(Records drawn from a dataset)
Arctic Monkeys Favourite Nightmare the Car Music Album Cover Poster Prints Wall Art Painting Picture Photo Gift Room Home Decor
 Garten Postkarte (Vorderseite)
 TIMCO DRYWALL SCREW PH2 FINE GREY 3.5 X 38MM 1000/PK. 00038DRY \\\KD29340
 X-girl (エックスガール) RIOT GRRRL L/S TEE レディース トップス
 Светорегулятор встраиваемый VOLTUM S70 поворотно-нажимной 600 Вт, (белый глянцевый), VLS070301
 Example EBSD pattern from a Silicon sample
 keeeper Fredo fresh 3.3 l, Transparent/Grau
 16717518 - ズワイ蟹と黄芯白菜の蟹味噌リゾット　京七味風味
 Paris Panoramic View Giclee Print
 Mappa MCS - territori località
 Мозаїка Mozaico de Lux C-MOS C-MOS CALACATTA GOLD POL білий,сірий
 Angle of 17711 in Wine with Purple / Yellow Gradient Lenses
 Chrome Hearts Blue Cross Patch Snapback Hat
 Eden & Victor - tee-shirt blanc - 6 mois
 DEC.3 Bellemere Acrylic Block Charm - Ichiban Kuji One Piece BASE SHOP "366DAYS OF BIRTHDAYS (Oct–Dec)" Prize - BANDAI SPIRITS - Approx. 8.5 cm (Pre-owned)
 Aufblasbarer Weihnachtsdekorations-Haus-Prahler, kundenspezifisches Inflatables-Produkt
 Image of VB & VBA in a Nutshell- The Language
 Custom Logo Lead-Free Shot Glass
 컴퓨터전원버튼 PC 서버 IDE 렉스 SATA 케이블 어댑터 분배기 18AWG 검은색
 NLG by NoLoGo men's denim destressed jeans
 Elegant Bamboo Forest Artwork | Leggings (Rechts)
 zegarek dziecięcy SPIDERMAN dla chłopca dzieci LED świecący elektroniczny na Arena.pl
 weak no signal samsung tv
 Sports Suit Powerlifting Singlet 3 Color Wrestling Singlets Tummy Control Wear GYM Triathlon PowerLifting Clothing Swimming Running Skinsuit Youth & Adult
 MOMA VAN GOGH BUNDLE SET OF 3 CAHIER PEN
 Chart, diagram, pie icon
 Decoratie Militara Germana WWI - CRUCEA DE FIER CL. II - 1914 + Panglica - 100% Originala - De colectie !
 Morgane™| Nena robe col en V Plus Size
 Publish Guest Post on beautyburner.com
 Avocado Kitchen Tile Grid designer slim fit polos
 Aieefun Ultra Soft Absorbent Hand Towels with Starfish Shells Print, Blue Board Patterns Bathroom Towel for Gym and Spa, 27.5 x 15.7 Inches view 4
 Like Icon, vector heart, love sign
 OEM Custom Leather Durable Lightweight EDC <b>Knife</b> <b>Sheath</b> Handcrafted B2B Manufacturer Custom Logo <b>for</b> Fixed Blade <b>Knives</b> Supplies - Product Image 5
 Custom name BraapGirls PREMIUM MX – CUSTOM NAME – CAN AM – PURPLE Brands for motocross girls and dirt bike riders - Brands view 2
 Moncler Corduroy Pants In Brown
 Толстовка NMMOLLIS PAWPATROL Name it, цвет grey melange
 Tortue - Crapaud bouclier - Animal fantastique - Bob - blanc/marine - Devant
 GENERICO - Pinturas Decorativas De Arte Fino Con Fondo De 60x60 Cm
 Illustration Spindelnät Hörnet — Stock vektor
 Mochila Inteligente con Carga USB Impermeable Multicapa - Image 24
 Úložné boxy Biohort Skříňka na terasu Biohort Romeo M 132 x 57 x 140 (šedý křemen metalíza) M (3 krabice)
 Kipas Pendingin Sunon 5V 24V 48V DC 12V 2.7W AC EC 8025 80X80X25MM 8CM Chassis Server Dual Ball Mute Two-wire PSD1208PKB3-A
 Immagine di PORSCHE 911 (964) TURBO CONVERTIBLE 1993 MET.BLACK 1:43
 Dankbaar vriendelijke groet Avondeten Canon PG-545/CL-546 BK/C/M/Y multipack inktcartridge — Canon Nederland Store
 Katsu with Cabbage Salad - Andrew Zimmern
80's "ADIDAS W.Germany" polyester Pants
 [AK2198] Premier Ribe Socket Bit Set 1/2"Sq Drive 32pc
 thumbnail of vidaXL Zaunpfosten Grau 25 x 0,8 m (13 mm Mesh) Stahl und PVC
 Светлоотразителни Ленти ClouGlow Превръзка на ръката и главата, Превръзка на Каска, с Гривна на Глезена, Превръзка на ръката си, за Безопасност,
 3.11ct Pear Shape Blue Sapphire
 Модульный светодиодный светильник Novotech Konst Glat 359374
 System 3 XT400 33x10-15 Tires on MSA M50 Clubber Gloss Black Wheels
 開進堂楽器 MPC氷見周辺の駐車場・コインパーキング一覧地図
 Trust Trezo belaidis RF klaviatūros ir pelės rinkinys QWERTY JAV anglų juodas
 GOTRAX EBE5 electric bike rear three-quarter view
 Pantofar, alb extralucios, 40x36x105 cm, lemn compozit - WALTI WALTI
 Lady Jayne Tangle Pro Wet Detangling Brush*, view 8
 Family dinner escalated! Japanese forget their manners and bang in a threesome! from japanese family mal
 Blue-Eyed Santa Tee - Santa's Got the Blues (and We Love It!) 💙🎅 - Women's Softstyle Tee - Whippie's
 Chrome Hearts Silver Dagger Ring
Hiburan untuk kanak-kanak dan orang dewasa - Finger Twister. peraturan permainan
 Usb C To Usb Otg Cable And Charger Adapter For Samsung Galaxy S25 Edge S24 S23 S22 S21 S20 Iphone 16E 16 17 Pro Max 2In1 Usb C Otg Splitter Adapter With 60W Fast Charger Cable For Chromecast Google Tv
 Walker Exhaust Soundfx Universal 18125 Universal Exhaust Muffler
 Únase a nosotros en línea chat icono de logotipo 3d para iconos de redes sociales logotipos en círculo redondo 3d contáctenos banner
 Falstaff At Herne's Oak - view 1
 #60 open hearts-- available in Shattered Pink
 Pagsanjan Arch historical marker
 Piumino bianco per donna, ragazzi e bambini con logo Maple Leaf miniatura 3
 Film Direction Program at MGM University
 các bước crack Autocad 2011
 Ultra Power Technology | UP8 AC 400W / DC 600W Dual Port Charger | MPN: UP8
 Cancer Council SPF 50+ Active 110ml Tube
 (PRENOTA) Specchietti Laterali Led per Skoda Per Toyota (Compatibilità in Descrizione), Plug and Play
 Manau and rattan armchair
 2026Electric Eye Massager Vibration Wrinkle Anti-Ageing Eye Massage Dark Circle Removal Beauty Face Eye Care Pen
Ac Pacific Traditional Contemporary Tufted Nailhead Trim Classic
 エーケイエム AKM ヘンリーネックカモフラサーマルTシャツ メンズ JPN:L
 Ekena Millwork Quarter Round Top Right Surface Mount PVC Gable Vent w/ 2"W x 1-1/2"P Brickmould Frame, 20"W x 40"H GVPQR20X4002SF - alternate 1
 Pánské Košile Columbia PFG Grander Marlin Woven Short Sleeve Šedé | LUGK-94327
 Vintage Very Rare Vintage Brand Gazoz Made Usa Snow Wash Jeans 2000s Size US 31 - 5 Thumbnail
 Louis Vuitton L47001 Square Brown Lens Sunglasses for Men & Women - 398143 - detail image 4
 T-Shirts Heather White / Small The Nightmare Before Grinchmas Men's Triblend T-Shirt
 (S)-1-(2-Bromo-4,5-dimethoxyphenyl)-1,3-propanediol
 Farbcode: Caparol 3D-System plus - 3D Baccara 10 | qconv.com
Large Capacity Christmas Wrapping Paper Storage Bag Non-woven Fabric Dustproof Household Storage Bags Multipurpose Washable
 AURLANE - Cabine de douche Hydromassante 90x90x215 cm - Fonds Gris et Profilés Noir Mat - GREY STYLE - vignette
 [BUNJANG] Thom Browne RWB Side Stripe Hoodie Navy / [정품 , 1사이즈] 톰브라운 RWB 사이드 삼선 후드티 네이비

## PROBLEM TO WORK ON
Using the data above, extract exactly the lines from the one that holds "TIMCO DRYWALL SCREW" to the one that holds "Mappa MCS - territori località", both ends included, and no others.

## SOLUTION FOR THIS TASK
 TIMCO DRYWALL SCREW PH2 FINE GREY 3.5 X 38MM 1000/PK. 00038DRY \\\KD29340
 X-girl (エックスガール) RIOT GRRRL L/S TEE レディース トップス
 Светорегулятор встраиваемый VOLTUM S70 поворотно-нажимной 600 Вт, (белый глянцевый), VLS070301
 Example EBSD pattern from a Silicon sample
 keeeper Fredo fresh 3.3 l, Transparent/Grau
 16717518 - ズワイ蟹と黄芯白菜の蟹味噌リゾット　京七味風味
 Paris Panoramic View Giclee Print
 Mappa MCS - territori località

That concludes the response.